I use the above in the below, and don't improve apon your dict. I would encourage you read @MathiasEttinger's answer about improving dict.

import strings

lower = string.ascii_lowercase
upper = string.ascii_uppercase
ascii = string.ascii_letters

def encrypt(data, key):
    buff = list(data)
    for index, char in enumerate(buff):
        if char in ascii:
            letters = lower if char in lower else upper
            buff[index] = letters[(letters.find(char) + key) % 27]
    return ''.join(buff)

def decrypt(data, key):
    return encrypt(data, -key)

def assume_key(file_handler, letter='e'):
    alph = dict(a=0,b=0,c=0,d=0,e=0,f=0,g=0,h=0,i=0,j=0,k=0,l=0,m=0,n=0,o=0,p=0,q=0,r=0,s=0,t=0,u=0,v=0,w=0,x=0,y=0,z=0)

    for line in file_handler:
        for char in line:
            alph[char.lower()] += 1

    maximum = max(dict.iteritems(), key=(lambda item: item[1]))[0]
    return lower.find(maximum) - lower.find(letter)

# Encrypt file
key = 8
with open('unencrypted.txt','r+') as unencrypted_file,
     open('encryptedmessge','w') as encrypted_file:
    for line in unencrypted_file:
        encrypted_file.write(encrypt(line, key))

# Decrypt file
with open('undecrypted.txt','r+') as undecrypted_file:
    assumed_key = assume_key(undecrypted_file)

with open('undecrypted.txt','r+') as undecrypted_file,
     open('decryptmessage','w') as decrypt_file:
    for line in undecrypted_file:
        decrypt_file.write(decrypt(line, assumed_key))

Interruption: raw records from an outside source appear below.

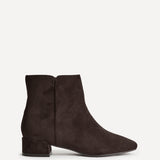 Tailored Wide Fit Brown Ankle Boots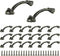 20Pcs Black Barn Door Handles, Zinc Alloy Mini Decorative Handles for Cabinet, Drawer, and Closet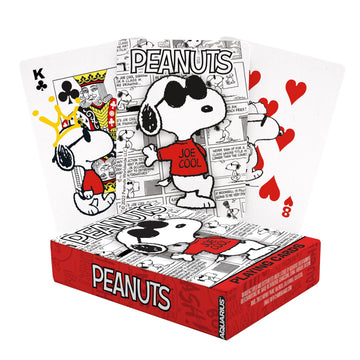 Aquarius Peanuts Joe Cool Playing Cards - Joe Cool Themed Deck of Cards for Your Favorite Card Games - Officially Licensed Peanuts Merchandise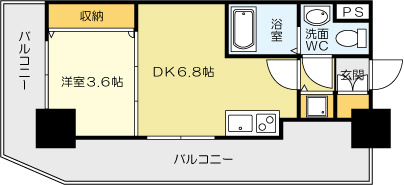 No.71　オリエントトラストタワーの間取り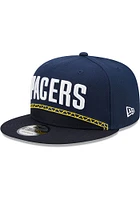 New Era Indiana Pacers Navy Blue 2022 NBA City Edition 9FIFTY Mens Snapback Hat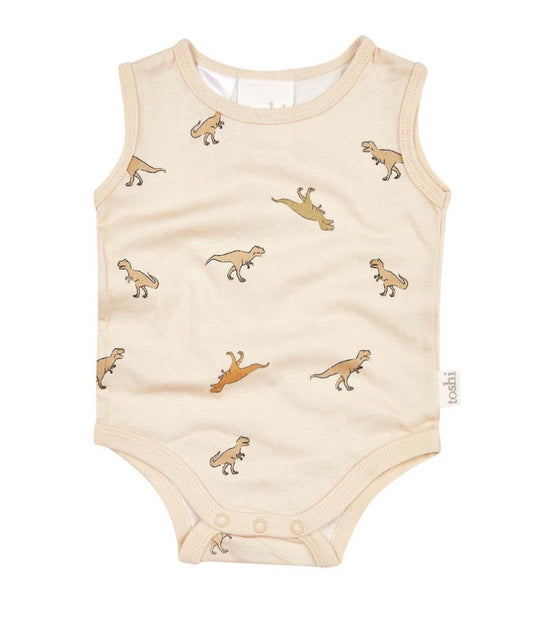 Toshi | Organic Onesie Singlet - Dinosauria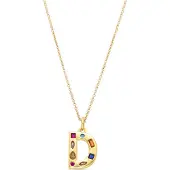 Luxenter Ketting 'Alphabet' gemengde kleuren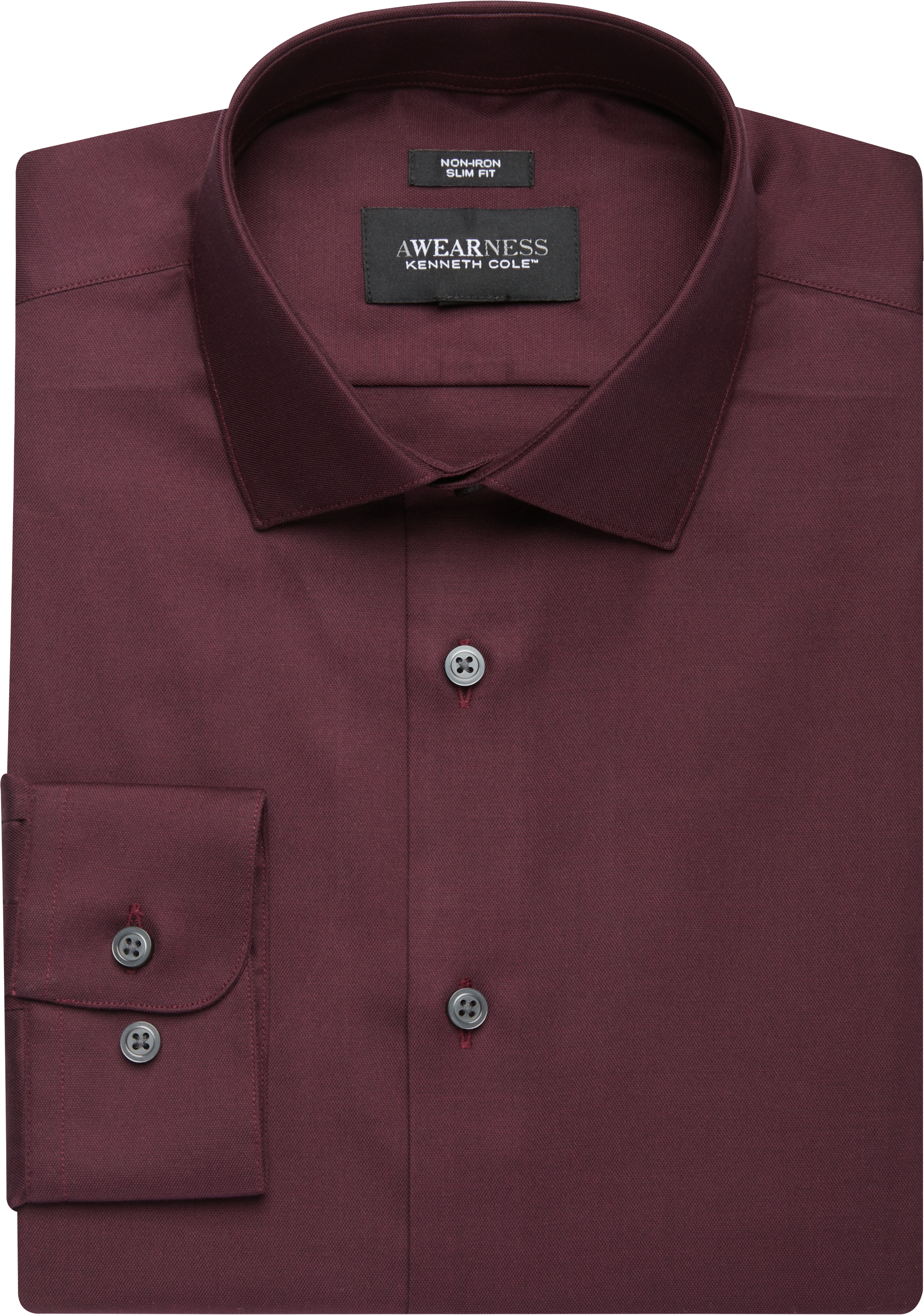 white and burgundy dress shirt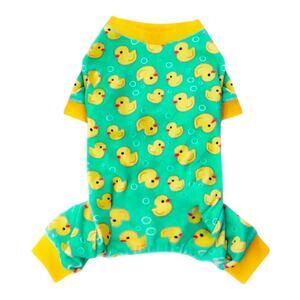 Duck Pet Pajamas Dog Loungewear Small Breed Clothes onsie cat clothes sz XXL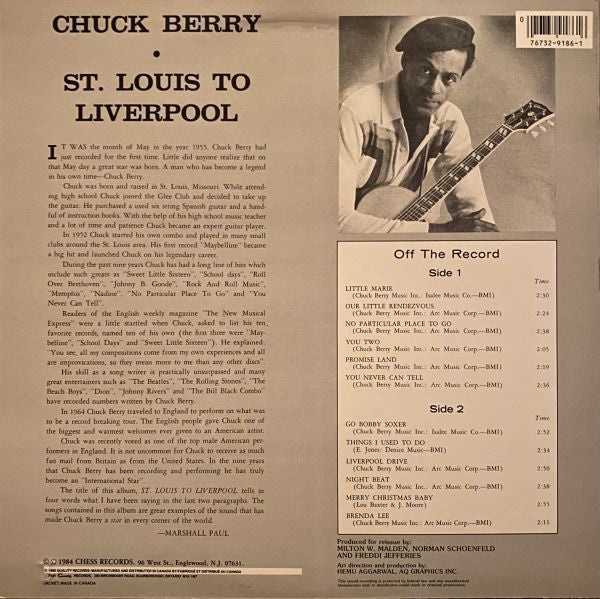 Master Release: St. Louis To Liverpool by Chuck Berry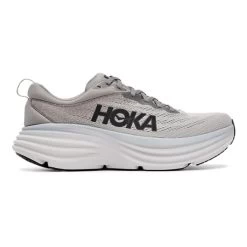 HOKA Bondi 8 Shoes Grey White Black -Hoka hk 0001123202 shm 006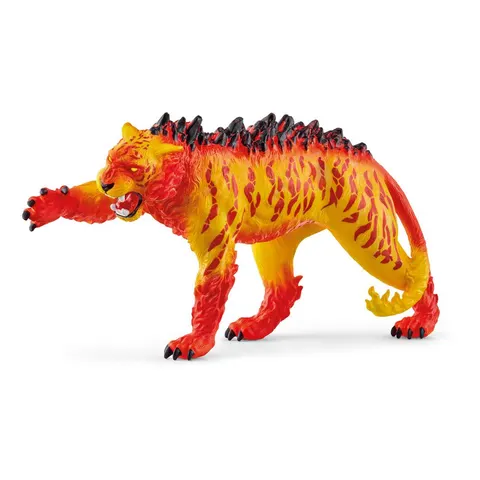Schleich Lava Tijger Figuur – afbeelding 1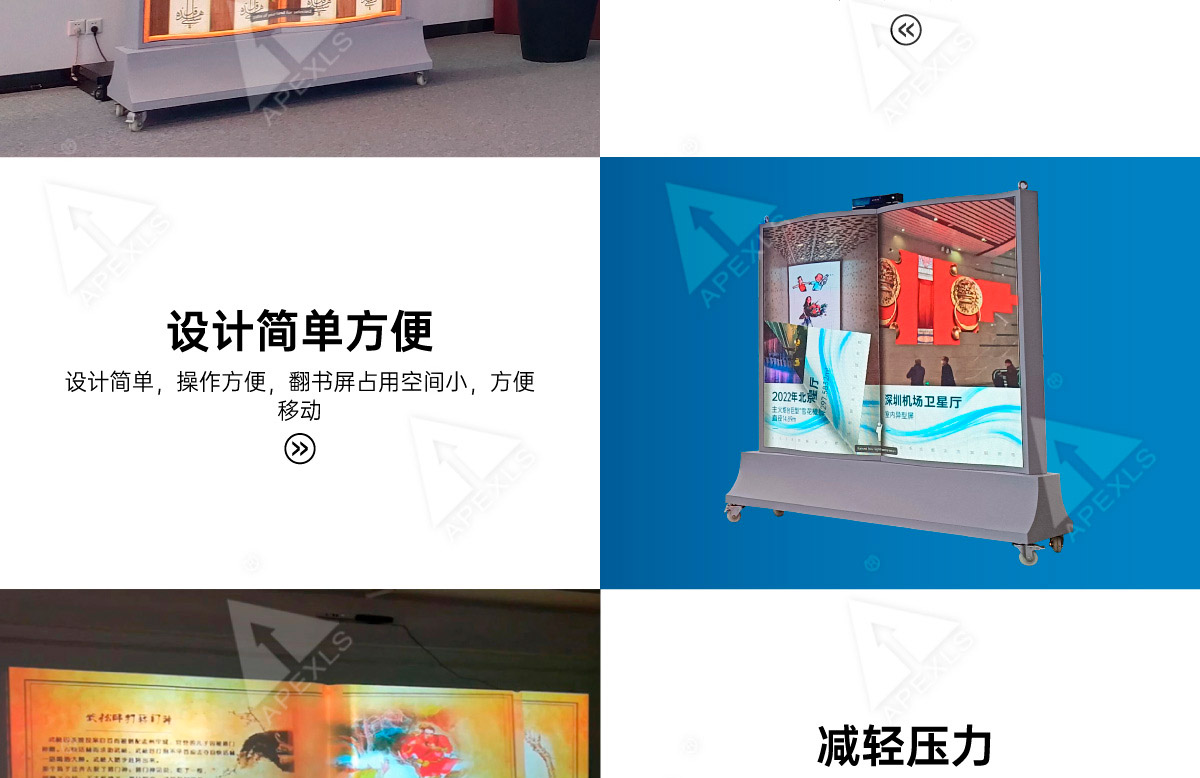 LED翻書屏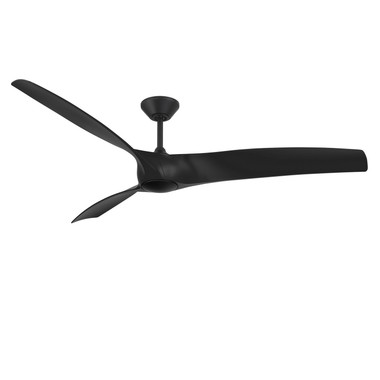 Modern Forms Fans - FR-W2006-72L-MB - 72" Ceiling Fan - Zephyr - Matte Black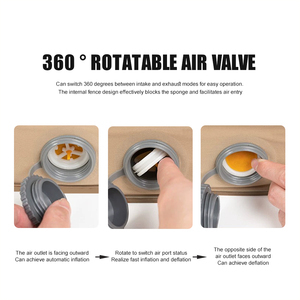 Colchón de aire de esponja suave con diseño de Material de <span class=keywords><strong>5</strong></span> capas, almohadilla inflable fácil de llevar al aire libre para una persona - Product Image 4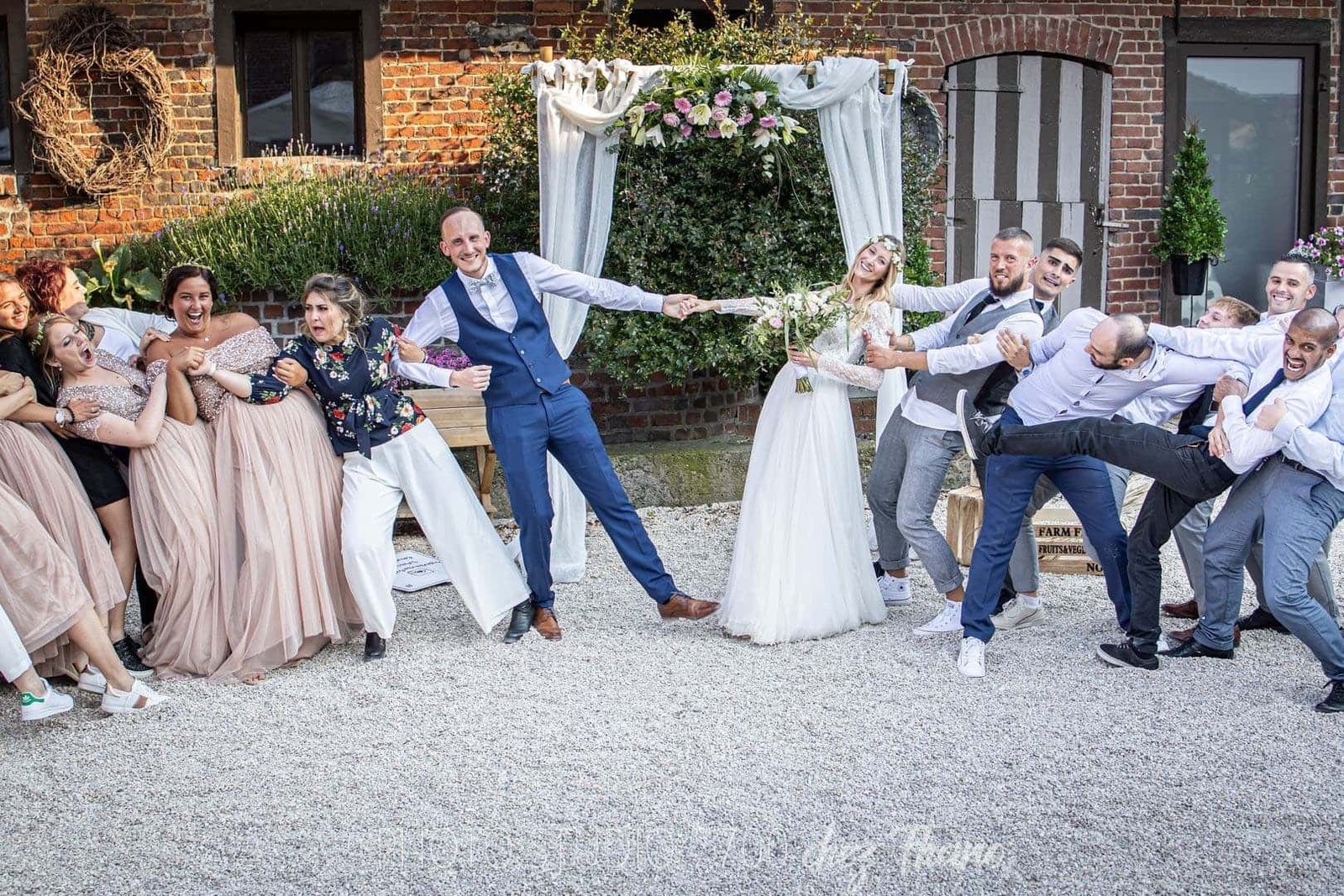 Photo extraite du reportage de mariage de Margaux Et Arnaud prise par le studio 7700 be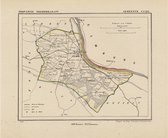 Historische kaart, plattegrond van gemeente Cuijk in Noord Brabant uit 1867 door Kuyper van Kaartcadeau.com
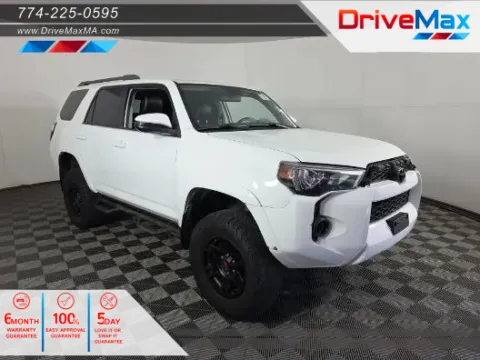 White 2017 Toyota 4Runner SR5 Sport Utility 4D for sale in West Bridgewater, MA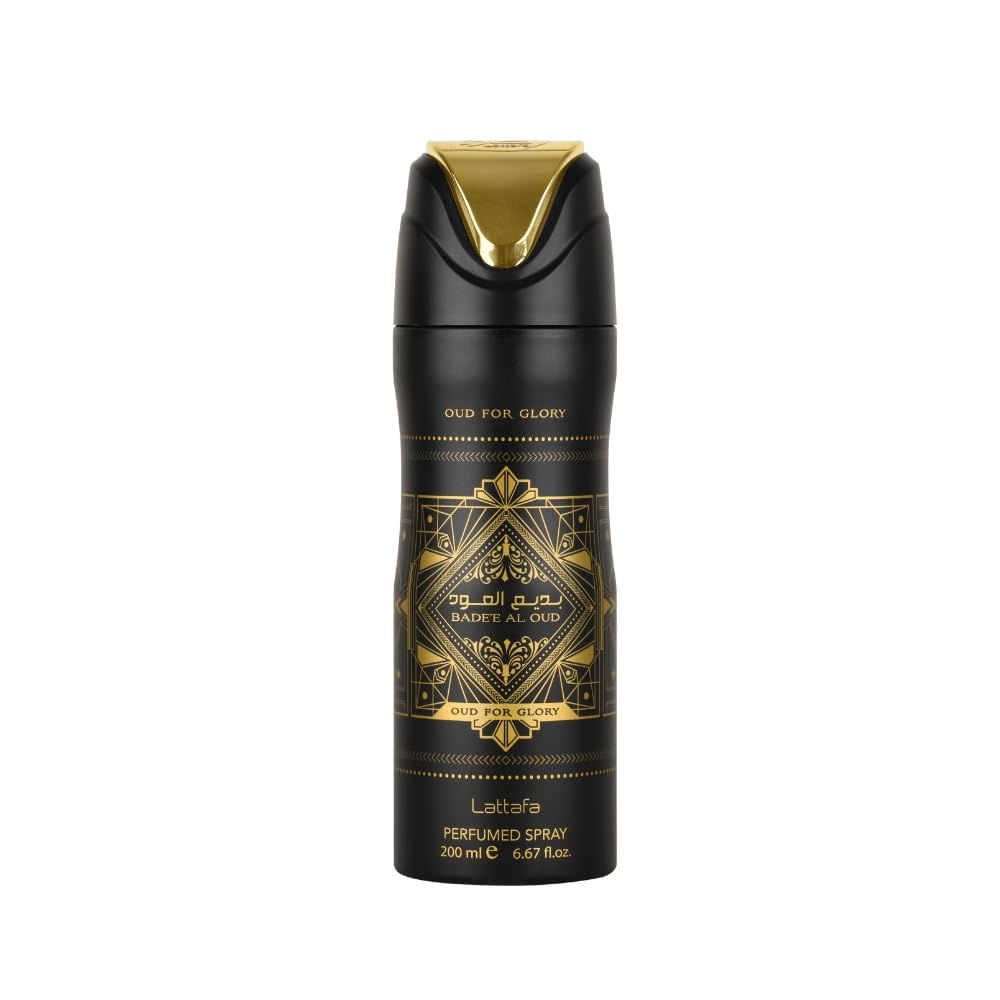 LATTAFA OUD FOR GLORY DEO PERFUMED SPRAY 200ML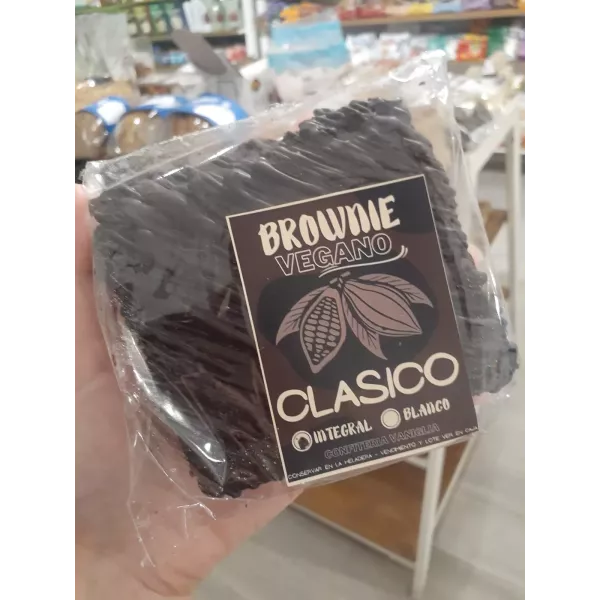 Brownie Clasico Integral Y Vegano Vaniglia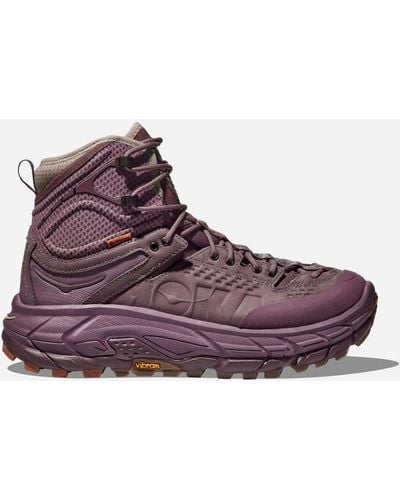 Hoka One One X Bodega Tor Ultra Hi Hiking Shoes - Purple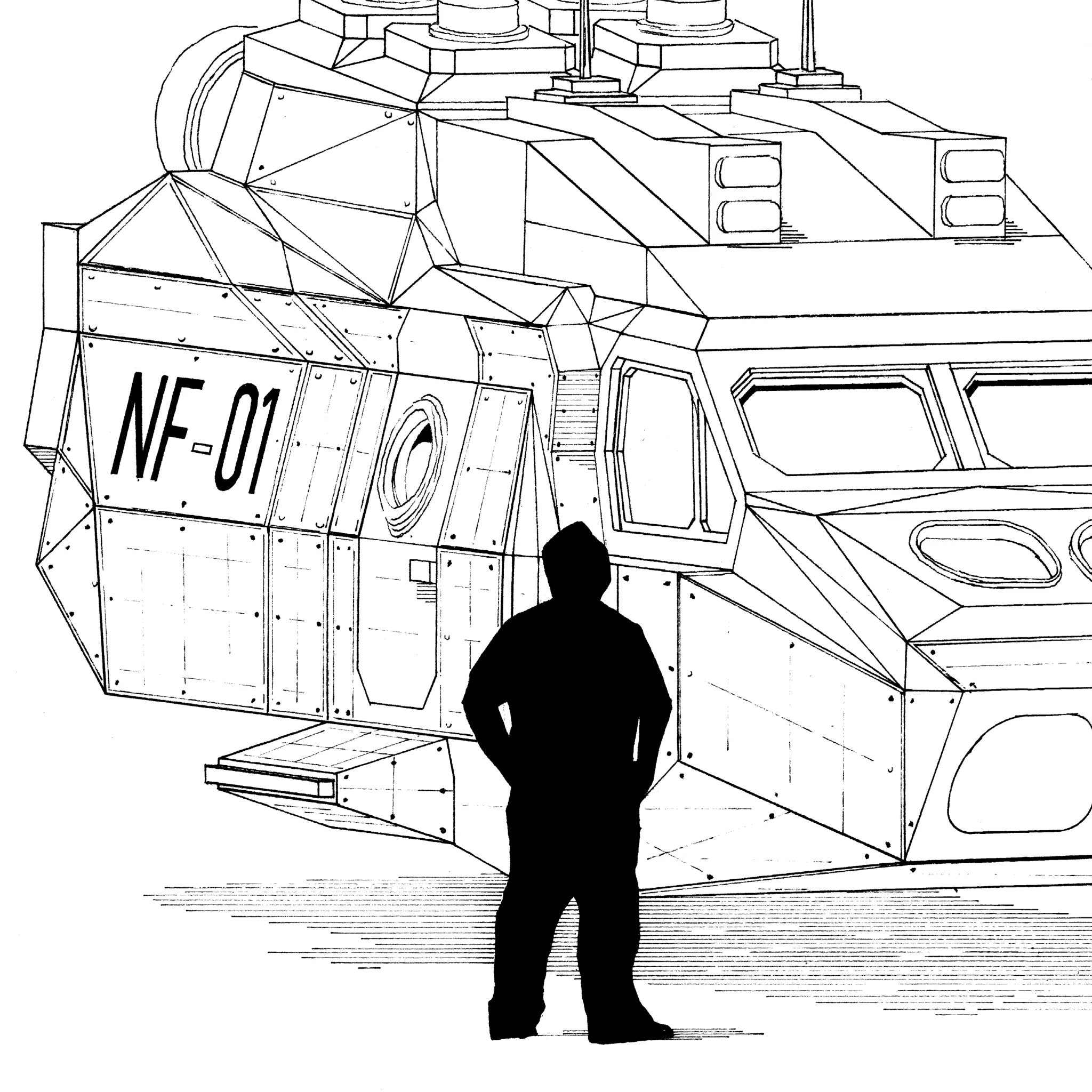 NF-01 Ink Technical Art – Ferrus Industrial Structure - Imagem 5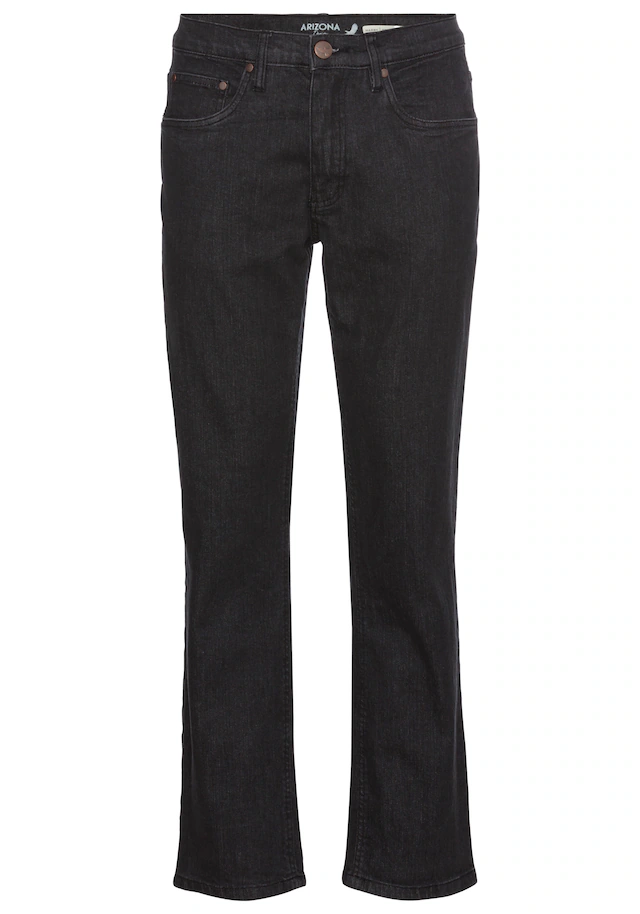 Arizona Gerade Jeans gerade geschnittenes Bein, niedrige Leibhöhe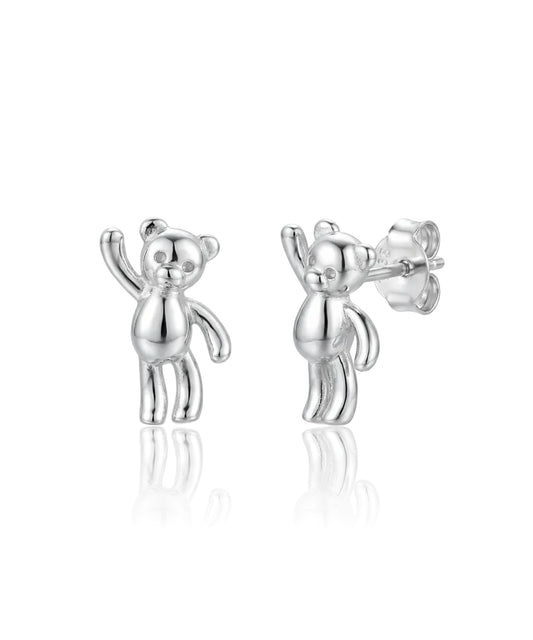 sidabriniai auskarai meškiukai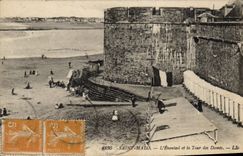 CPA Saint Malo L'Eventail et la Tour des Dames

There may still be a few errors with file handling.

Also, I changed lower.find(maximum) - lower.find('e') as whilst 'e' is the most common letter in English, you can do file_data.replace('e', '') or purposely leave of the 'e's so that your decrypt will not work. To fix this you may want to append the most common letter to the end of the encrypted file or something.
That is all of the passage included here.